To prove isomorphism and thereby find Quotient Ring of Gaussian Integers

Question

I am required to prove the following:

$\Bbb Z[i]/\langle a+bi\rangle\,\cong\Bbb Z/(a^2+b^2)\Bbb Z=:\Bbb Z_{a^2+b^2}$, where $\gcd(a,b)=1$.

While I have looked into the various solutions given here Quotient rings of Gaussian integers I wish to find a function $\phi:\Bbb Z[i] \to\Bbb Z_{a^2+b^2}$ such that $\phi$ is an onto ring homomorphism.

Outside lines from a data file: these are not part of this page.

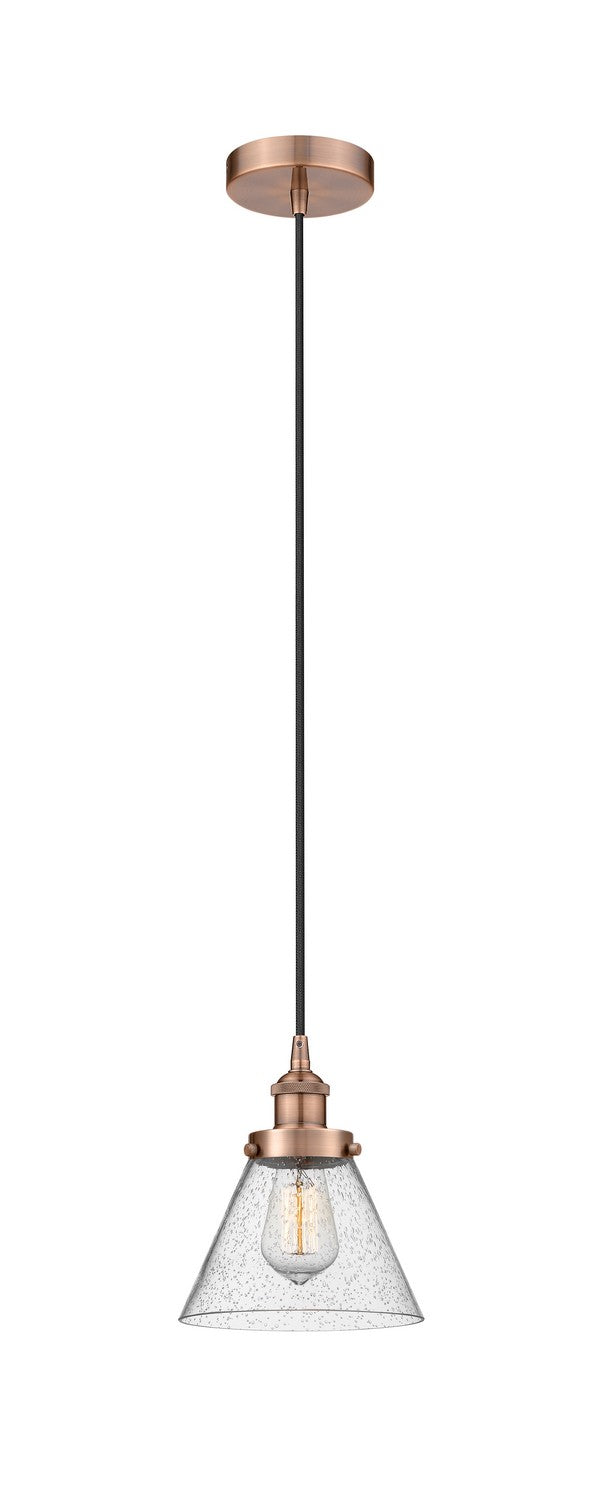 Innovations 616-1PH-AC-G44 One Light Mini Pendant, Antique Copper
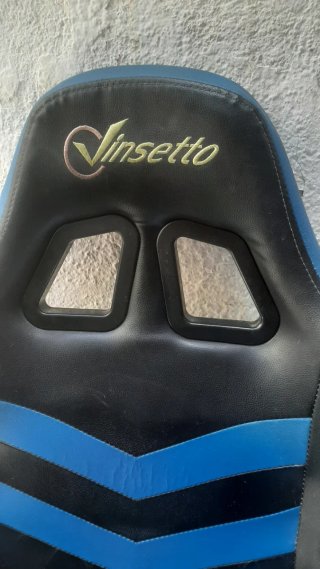 Silla Gamer Vinsetto Negra y Azul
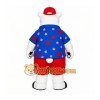 White Bear Mascot Costume with Custom Logo White Bear Mascot Costume with Custom Logo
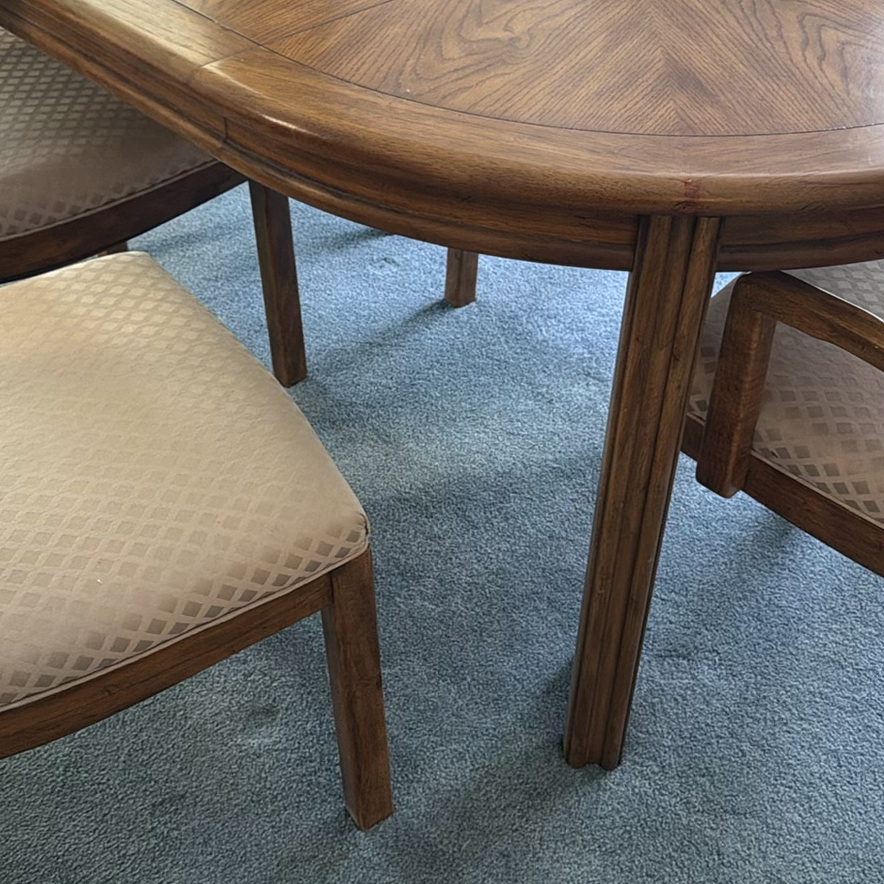 Wood Dining Table and Chairs - image 6 of 6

According to the second answer in the aforementioned link I take such $\phi (x + yi) = x-(ab)^{-1}y$ but I am unable to prove the multiplicativity of the ring homomorphism $\phi$ and its surjectivity.

PS. I want to prove the result using first isomorphism theorem.

Answer 1

The required homomorphism $\varphi:\Bbb Z[i]\to\Bbb Z/\langle a^2+b^2\rangle$ is defined by: $$\varphi(x+iy)=x-avy+\langle a^2+b^2\rangle$$ where $v\in\Bbb Z$ is an inverse of $b$ modulo $a^2+b^2$ (note that $b$ is invertible because $\gcd\{a,b\}=1$).

To prove this, recall that $\Bbb Z[i]\cong\Bbb Z[x]/\langle x^2+1\rangle$ where $x$ is an indeterminate. By universal property of polynomial ring $\Bbb Z[x]$, there exists one and only one ring homomorphism \begin{align}\tag1 \Bbb Z[x]&\to\Bbb Z/\langle a^2+b^2\rangle& x&\mapsto -av+\langle a^2+b^2\rangle \end{align} Since $(-av)^2+1=(a^2+b^2)v^2$, we have $(-av)^2\equiv-1\pmod{a^2+b^2}$, hence (1) gives rise to one and only one ring homomorphism $\varphi:\Bbb Z[i]\to\Bbb Z/\langle a^2+b^2\rangle$ such that $\varphi(i)=-av+\langle a^2+b^2\rangle$.

Clearly, for every $n\in\Bbb Z$ we have $\varphi(n)=n\varphi(1)=n+\langle a^2+b^2\rangle$, hence $\varphi$ is surjective. On the other hand, if $x+iy\in\ker\varphi$, then $x\equiv avy\pmod{a^2+b^2}$, hence $$x+iy=(x-avy)+(a+ib)vy$$ is a mutliple of $a+ib$ in $\Bbb Z[i]$.